DATA SECTION >>

^^^^

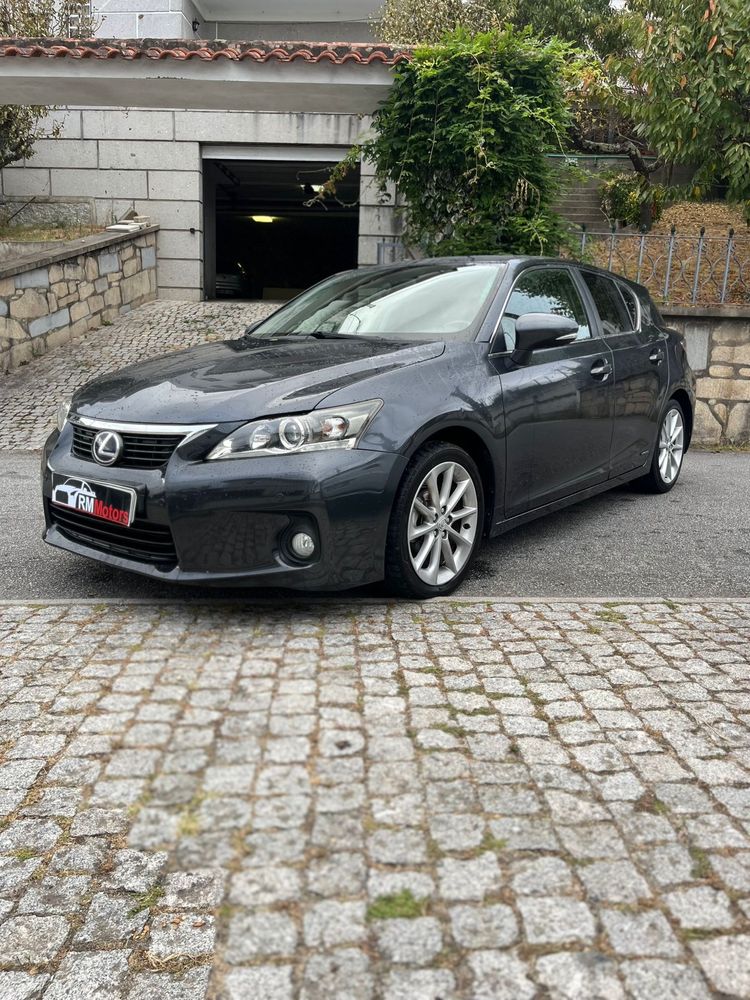 Lexus Ct200h 2011
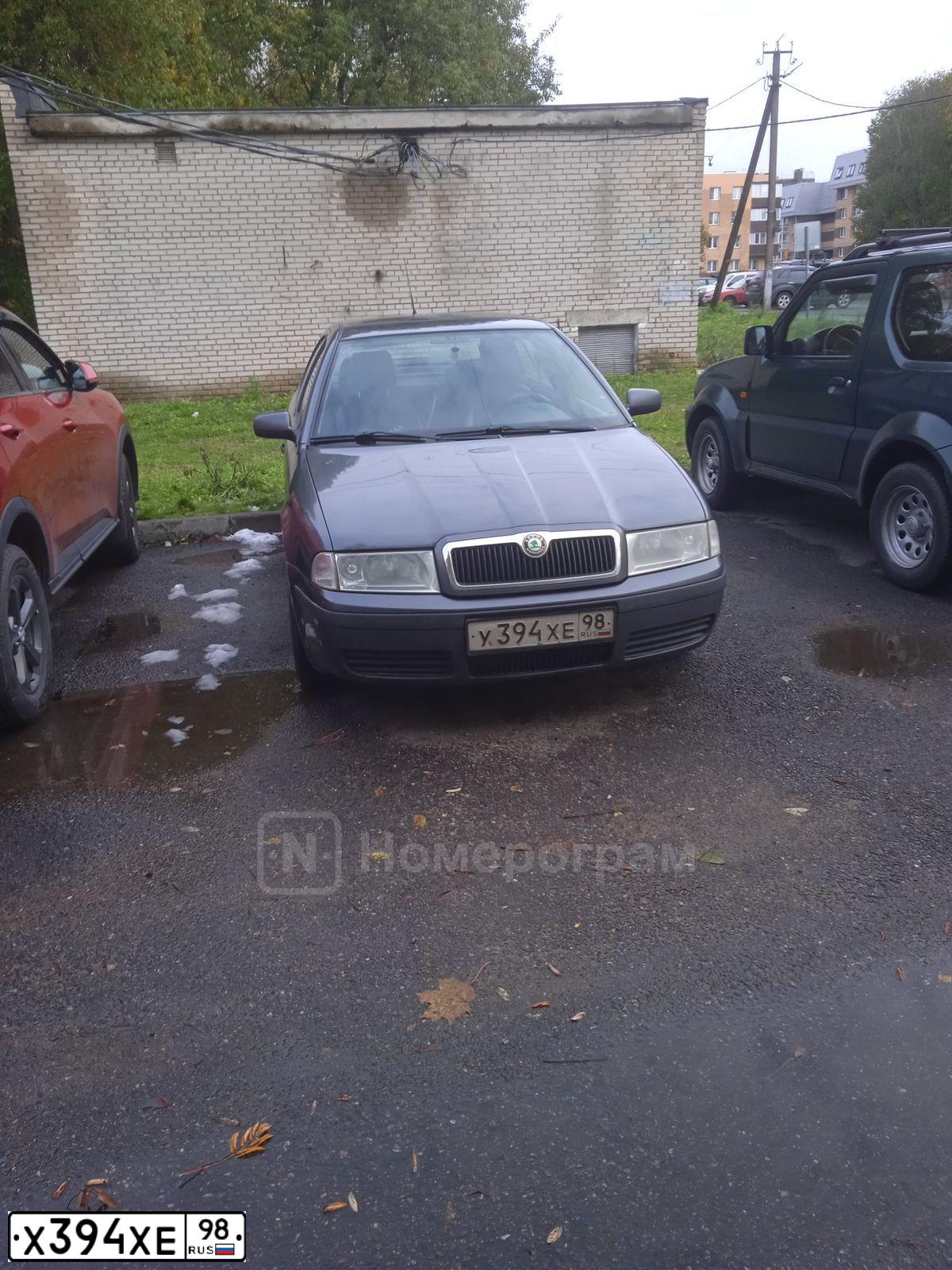 Фото автомобиля BMW SERIE 3, 2005 — госномер Е003СН178. Цвет: ТЕМНО-СЕРЫЙ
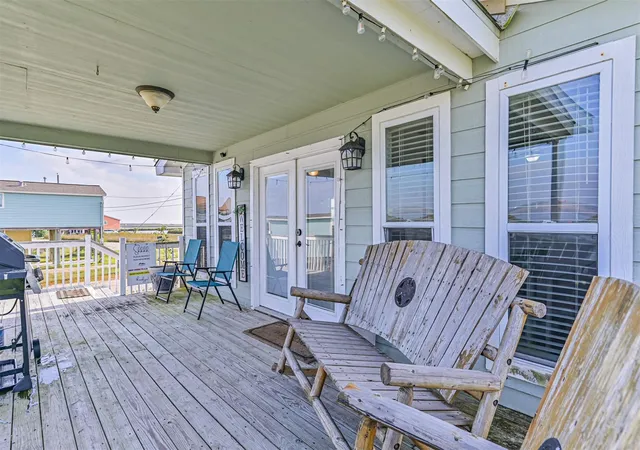 4th image of 4622 Bayou Ln, Hitchcock, TX 77563 | MLS# 94399168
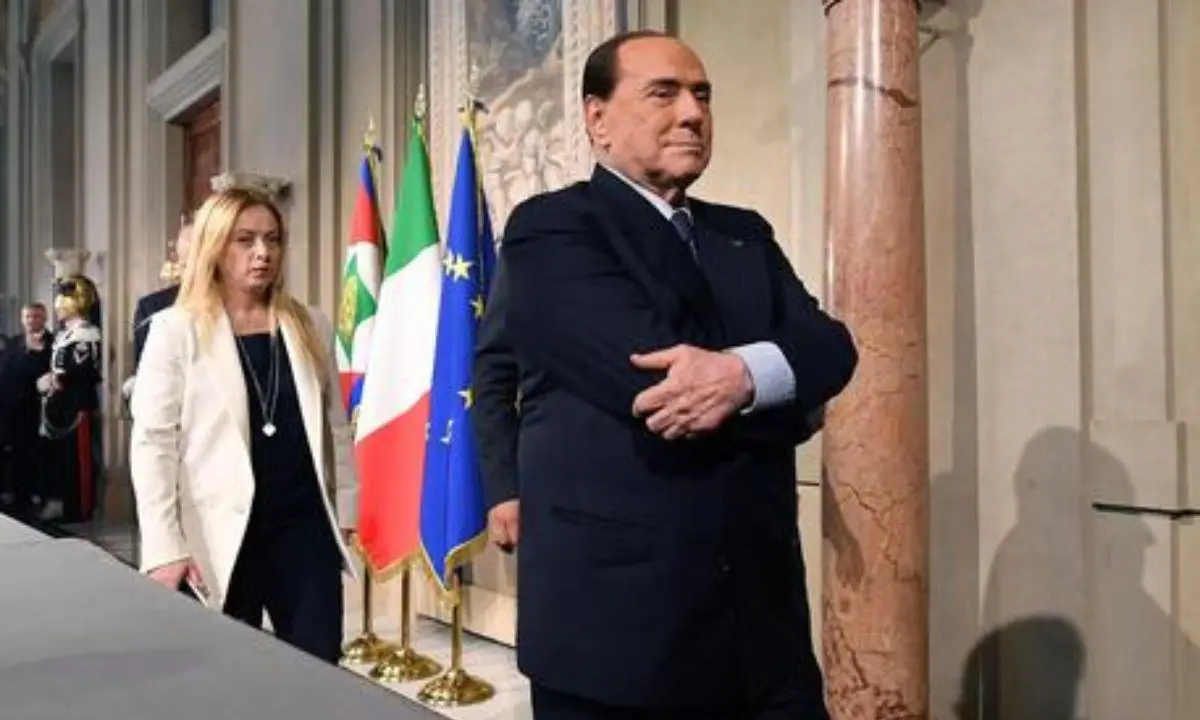 Berlusconi da Meloni con 40 minuti di ritardo, poi l’incontro risolutore: «Saliremo insieme al Quirinale»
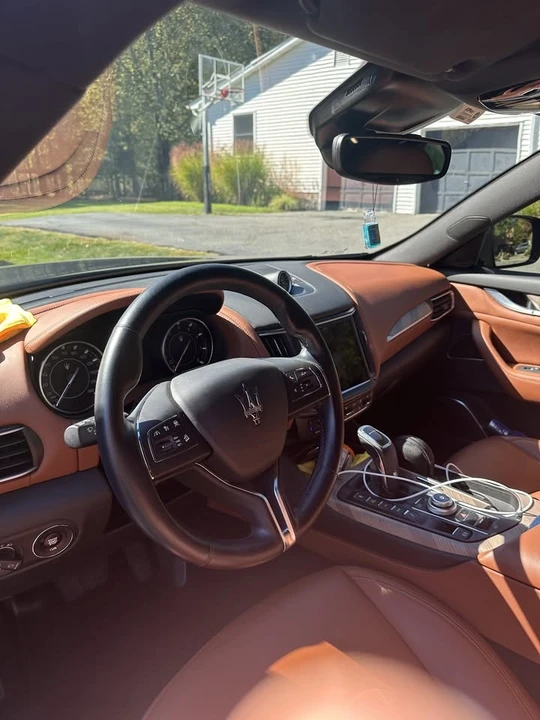 2021 Maserati Levante - Image 4 of 6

^^^^

REQUIRED WORK >> What is needed is a verbatim copy of every entry, with the pictures omitted.

SOLUTION >>
 Lexus Ct200h 2011
 Фото автомобиля BMW SERIE 3, 2005 — госномер Е003СН178. Цвет: ТЕМНО-СЕРЫЙ
 4th image of 4622 Bayou Ln, Hitchcock, TX 77563 | MLS# 94399168
 Berlusconi da Meloni con 40 minuti di ritardo, poi l’incontro risolutore: «Saliremo insieme al Quirinale»
 2021 Maserati Levante - Image 4 of 6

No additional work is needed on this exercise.